La relación que se desarrolla entre Soledad y Adam, el gigoló, va mutando contantemente y somos testigos de los cambios internos que sufren estos personajes. Al final de la historia son personas diferentes y, lo más importante, toman conciencia de sus actos.
Algo que resulta atractivo en esta novela, es la introducción de datos históricos sobre diferentes escritores, datos sobres sus trágicas vidas, sus desgracias amorosas, sobre sus pasiones descontroladas y los efectos que estas tuvieron en sus vidas. Toda esta información en introducida como parte de los pensamientos de Soledad, ya que ella debe preparar una exposición para la Biblioteca Nacional de España cuyo tema son los escritores malditos. Entre ellos están Philip K. Dick, Pedro Luis de Gálvez, Maupassant, María Lejárraga, Anne Perry… y también se mencionan algunas escritoras que figuran en otra obra de Rosa Montero, la cual recomiendo, Historias de mujeres.
“Ser maldito es saber que tu discurso no puede tener eco, porque no hay oídos que lleguen a entenderte. En esto se parece a la locura. Ser maldito es no coincidir con tu tiempo, con tu clase, con tu entorno, con tu lengua, con la cultura a la que se supone que perteneces. Ser maldito es desear ser como los demás pero no poder. Y querer que te quieran pero sólo producir miedo o quizá risa. Ser maldito es no soportar la vida y sobre todo no soportarte a ti mismo” (p. 24)
Estas palabras son dichas por Soledad, quien parece describirse más a sí misma que a los escritores de su exposición. Por eso es interesante la conexión que se genera entre las vivencias de los escritores malditos y las de la protagonista de La carne.
Vale la pena mencionar que una de las historias de los escritores malditos no es verdadera, es una invención de la autora. Josefina Aznárez es un personaje ficticio, pero es tan impactante su historia que fue utilizada para crear una obra de teatro: El caballero incierto.
Respecto al título de la novela, Rosa Montero dijo que hace referencia a “la carne que nos aprisiona porque no hemos escogido este cuerpo en el que vivimos, es la carne que nos enferma, es la carne que nos envejece, es la carne que nos mata. Pero también es la carne absolutamente maravillosa que nos hace rozar la gloria a través de la sensualidad, la sexualidad, del deseo”.

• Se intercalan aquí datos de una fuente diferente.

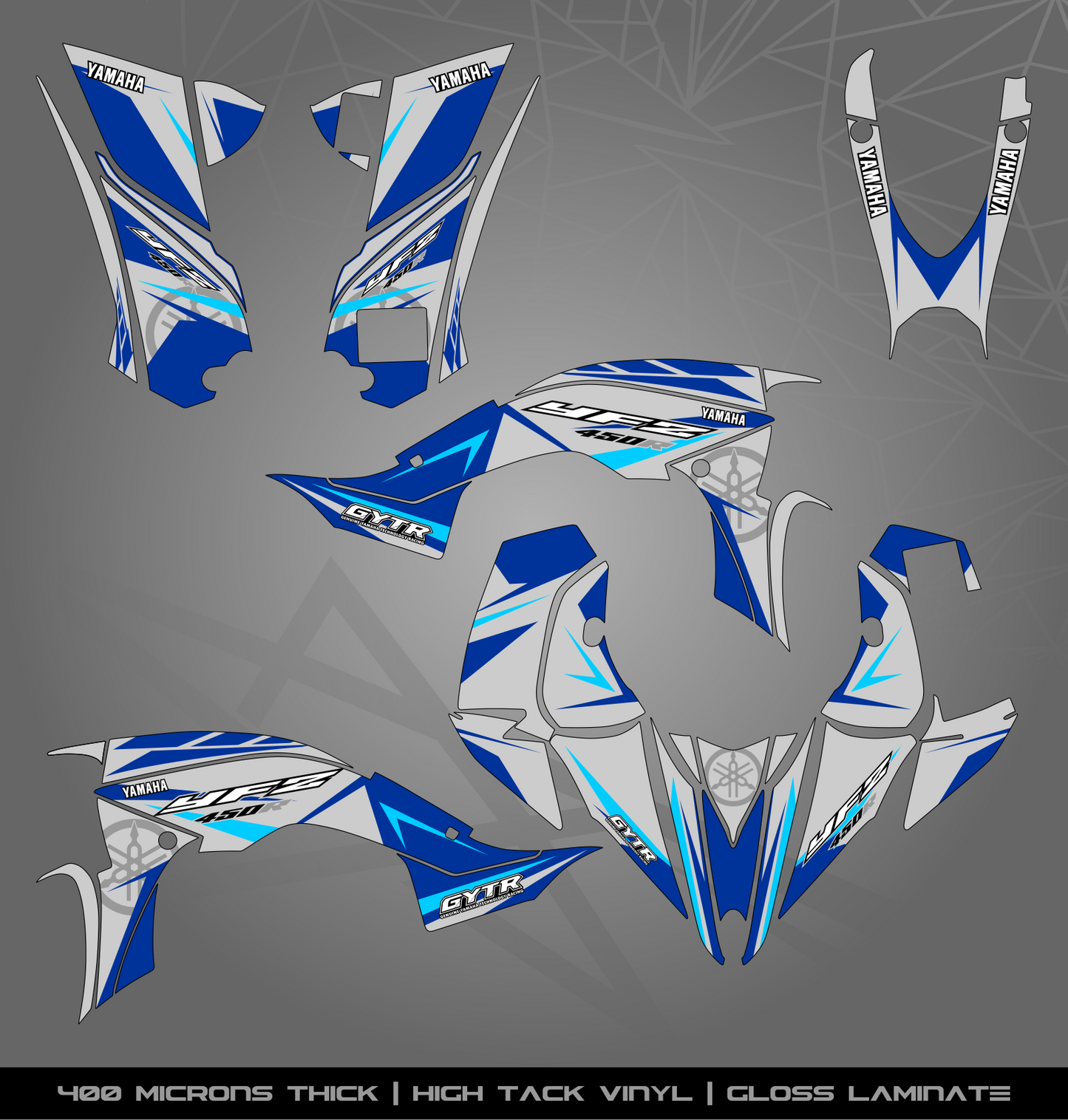 Full Sticker Kit for Yamaha YFZ 450R (2014-2022)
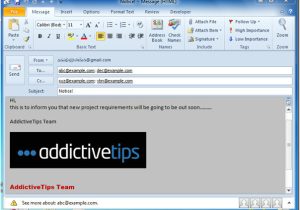 Test Email Template In Outlook Create Use Email Templates In Outlook 2010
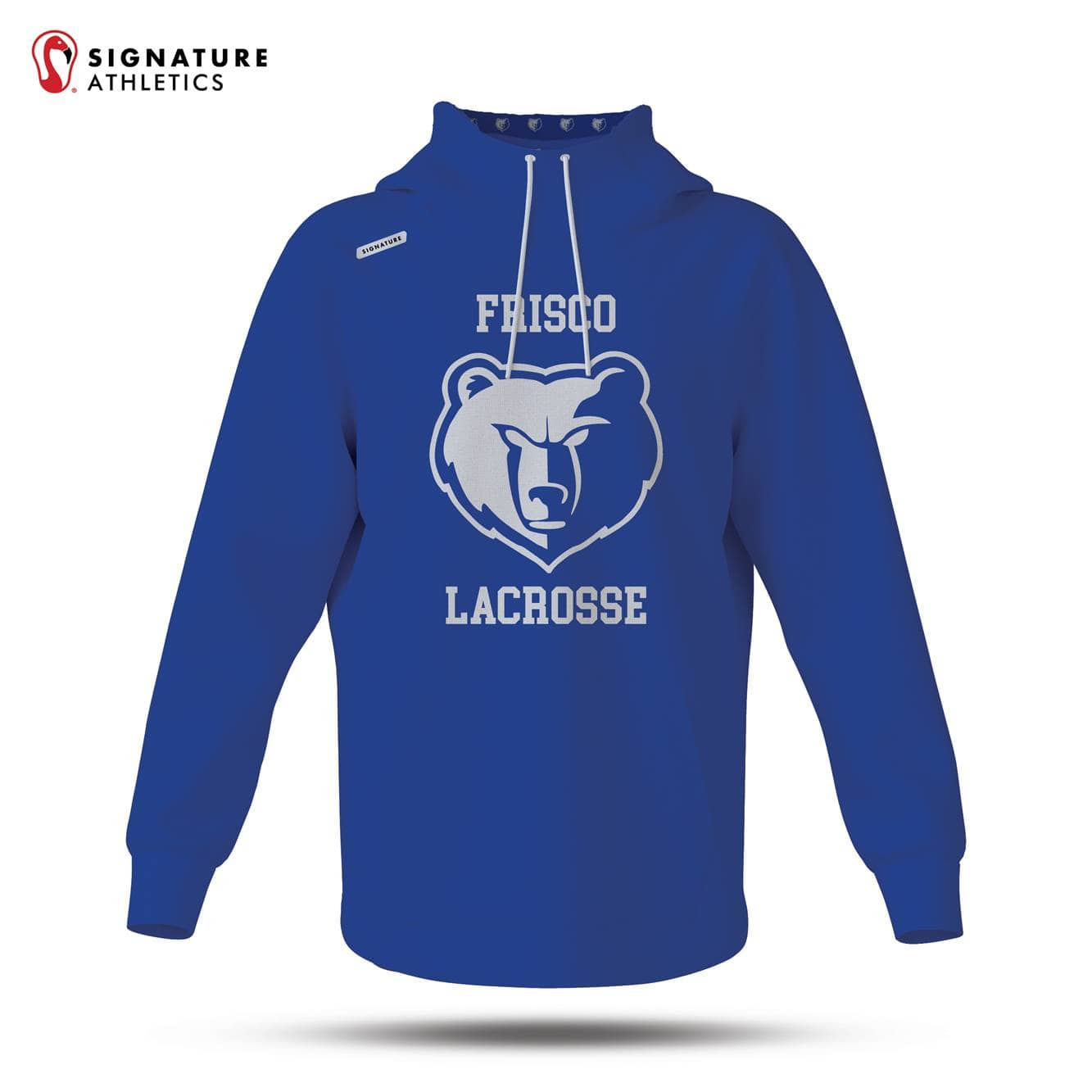 Frisco LC Men's Pro Dye Sub Scuba Hoodie Signature Lacrosse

Una novela que nos hace pensar sobre el tiempo y cómo lo aprovechamos, sobre las decisiones que tomamos… También señala, de algún modo, cómo las vivencias de nuestra infancia pueden condicionarnos y afectar el tipo de vida que tendremos. Una historia atrapante, que trata con humor temas que muchas veces asociamos con valores negativos.